If you want ready-made pairings already tested in Figma, we put together a list of minimalist sans serif font pairings in Figma that work across different brand styles.
What do real sans serif brand identity kits look like in practice?
Here are a few scenarios that show how these choices play out:
A SaaS startup brand kit
Primary font: Inter at weights 400, 500, 600, 700. Used for everything dashboard UI, marketing site, help docs, email templates. The brand kit contains text styles for each use case, color tokens mapped to light and dark modes, and a component library with buttons, form fields, and cards all using the Inter-based type scale.
A wellness consumer brand kit
Primary font: Plus Jakarta Sans for headings and UI. Paired with a simple serif for long-form editorial content. The brand kit in Figma includes social media templates, packaging mockup frames, and a shared illustration style all built on the same type foundation.
A fintech product brand kit
Primary font: Sora for its clarity with numbers and dense data layouts. The kit emphasizes monospaced number alignment for financial tables and includes specific text styles for currency displays, percentage labels, and chart annotations.

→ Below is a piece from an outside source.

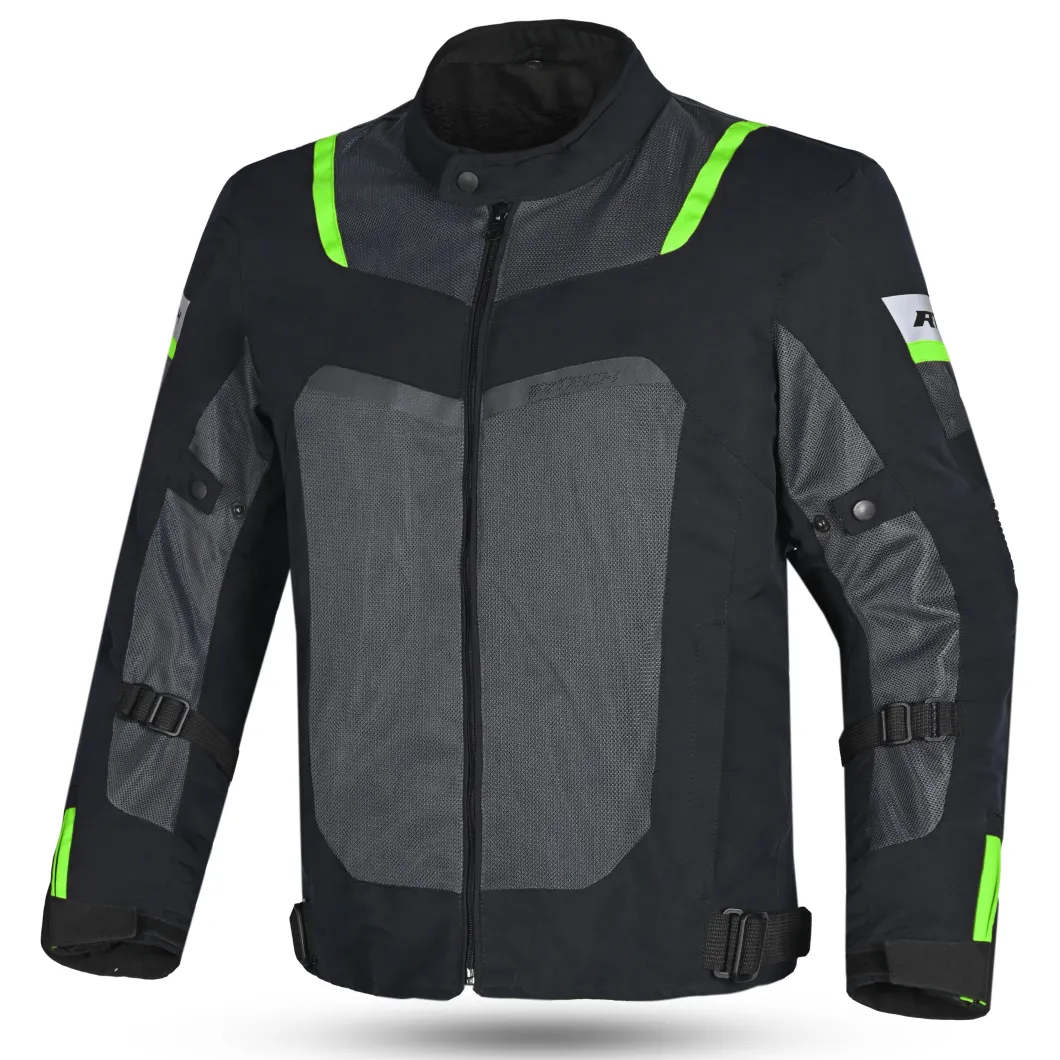 R-TECH SPIRAL MESH GIACCA DI MOTO UOMO IN TESSUTO NERO GRIGIO VERDE FLUO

Quick checklist before you finalize your typeface choice
- Does the font have enough weights (at least 4) for your full type hierarchy?
- Have you tested it at your smallest body text size (usually 12–14px) for readability?
- Does it support all the languages your brand needs (Latin Extended, Cyrillic, etc.)?
- Is the licensing clear and documented in your kit?
- Does it work with your color palette in both light and dark themes?
- Have you set up fallback fonts for web and email use?
- Did you create a specimen page inside your Figma kit so other designers can reference the type system?
- Are your text styles named with a consistent, scalable convention?
Next step: Open your Figma brand kit file today and audit your current type styles. If you're using more than two font families or more than five weights, simplify. Pick one strong modern sans serif, build your scale around it, and document every style with a clear name. That single cleanup will make every designer on your team faster and every deliverable more consistent.